Tal vez por eso Mario Vargas Llosa diría en su columna en El país, respecto a la enormidad de Sade, que “probablemente ningún artista, escritor ni filósofo fue tan lejos como él en la exploración de esas profundidades humanas donde deseos e instintos entremezclados producen formas indecibles del horror”.

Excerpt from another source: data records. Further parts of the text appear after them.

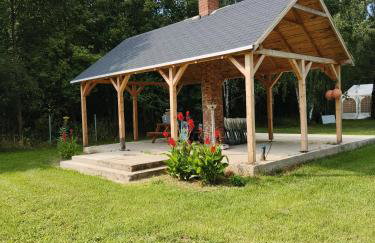 ZAGAJNIK Country Camp obok Suntago - Photo 20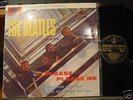 Beatles Please Please Me LP OZ Orig.rare Mono EX /VG+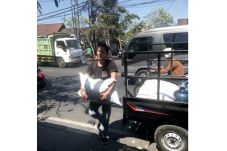 BUMDes di Denpasar Bergerak...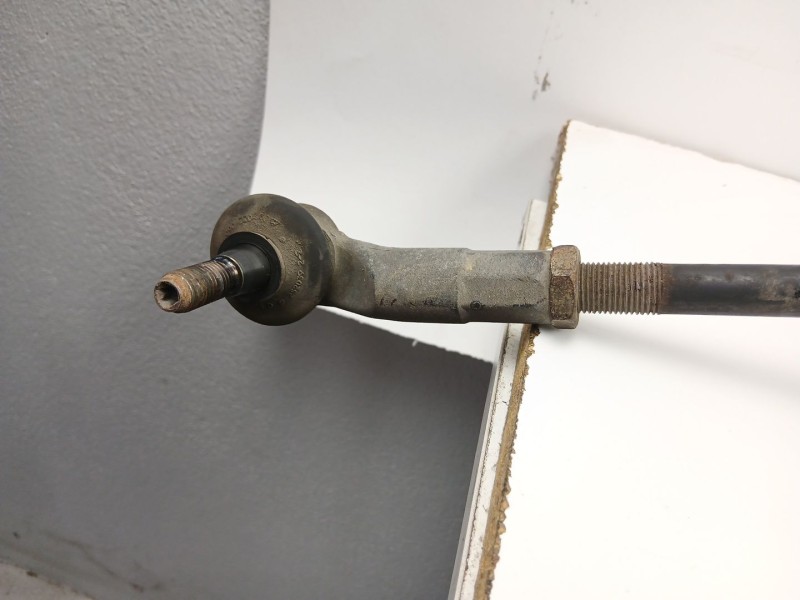 Recambio de cremallera direccion para volkswagen passat b6 variant (3c5) 2.0 tdi referencia OEM IAM 3C1423051S  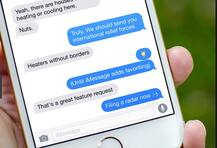 ਆਈਫੋਨ ਯੂਜ਼ਰਸ ਇਸ ਐਪ ਦੀ ਲੌਂਚ ਮਗਰੋਂ ਭੁੱਲ ਜਾਣਗੇ ਵ੍ਹੱਟਸਐਪ 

Pero que siguen vigentes, porque las cavernas de la intimidad humana que Sade “conoció a través de la intuición, sus propios fantasmas y la imaginación, la existencia de esa violencia empozada en el fondo irracional de la persona humana, que encuentra en el sexo una vía privilegiada de expresión […] la civilización modera luego en formas más benignas, creativas en vez de destructivas, aunque sin erradicarla nunca del todo. Lo que significa que, como ha ocurrido y sigue ocurriendo en medio de las sociedades más avanzadas, la violencia estalla a menudo de manera incontenible, no sólo a través del deseo individual ciego, también en todas las formas colectivas posibles del fanatismo, desde el religioso hasta el político y el ideológico”.
Si el propio Sade logró vislumbrar hasta qué punto lo que representa su nombre perturbaría en la posteridad, las líneas finales de su testamento —que establecen su sepultura— no pudieron enmendarlo: “Una vez que la tumba haya sido cerrada, el piso deberá quedar cubierto de bellotas, para que todas las huellas de la tumba desaparezcan de la faz de la tierra con la misma rapidez que espero desaparezca mi recuerdo de las mentes de los hombres”.